**Task requirements**
Starting at the line below with "1026 Green Valley" and stopping at the line with "Bright living room", please print each line exactly, those two included, and skip every picture.

**Dataset content**
━━━━━━

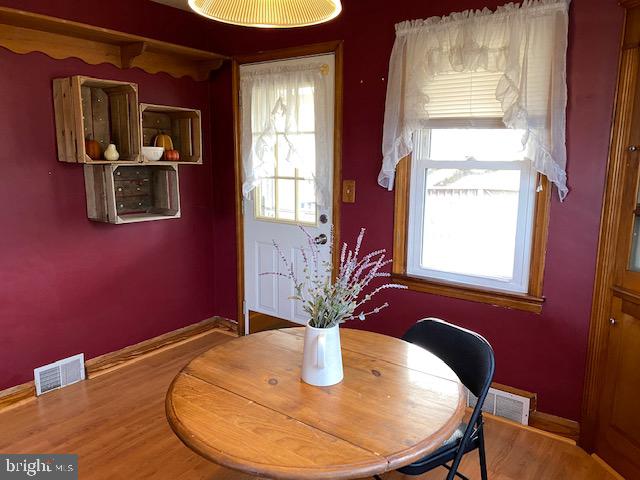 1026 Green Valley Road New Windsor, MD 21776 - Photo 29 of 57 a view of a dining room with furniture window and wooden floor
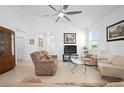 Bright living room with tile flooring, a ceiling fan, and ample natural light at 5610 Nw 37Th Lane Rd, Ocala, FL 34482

━━━━━━

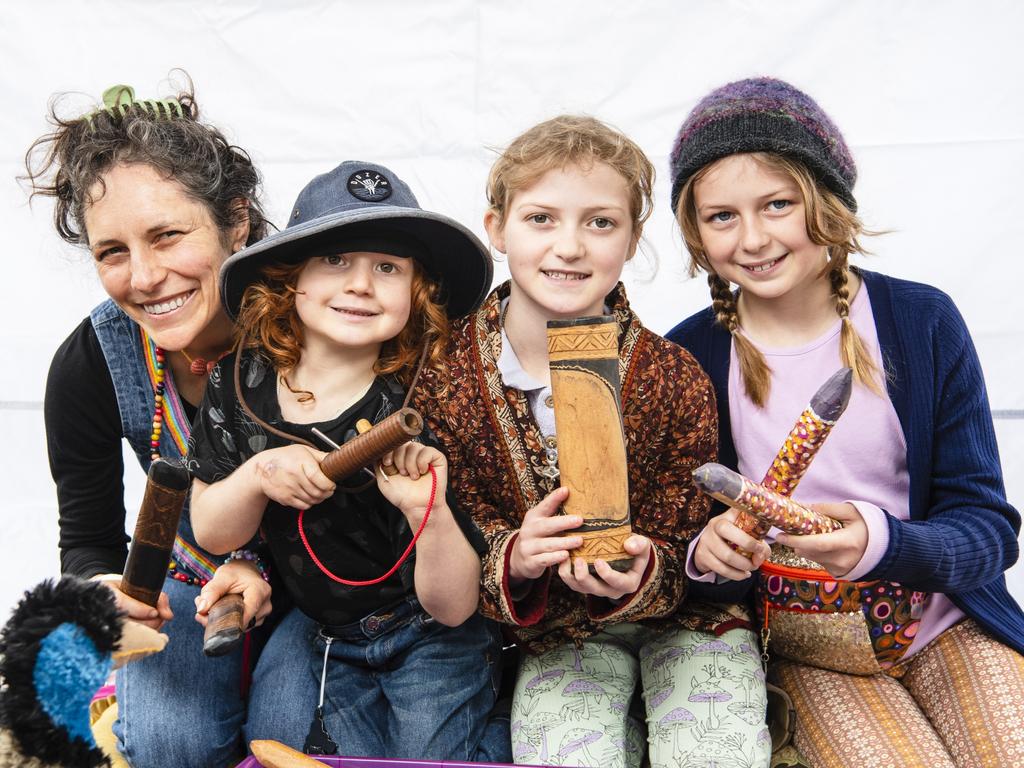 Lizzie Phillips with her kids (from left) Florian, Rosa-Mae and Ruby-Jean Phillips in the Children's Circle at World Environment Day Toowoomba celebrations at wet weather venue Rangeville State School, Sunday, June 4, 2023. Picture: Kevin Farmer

━━━━━━

**Written response**
 1026 Green Valley Road New Windsor, MD 21776 - Photo 29 of 57 a view of a dining room with furniture window and wooden floor
 Bright living room with tile flooring, a ceiling fan, and ample natural light at 5610 Nw 37Th Lane Rd, Ocala, FL 34482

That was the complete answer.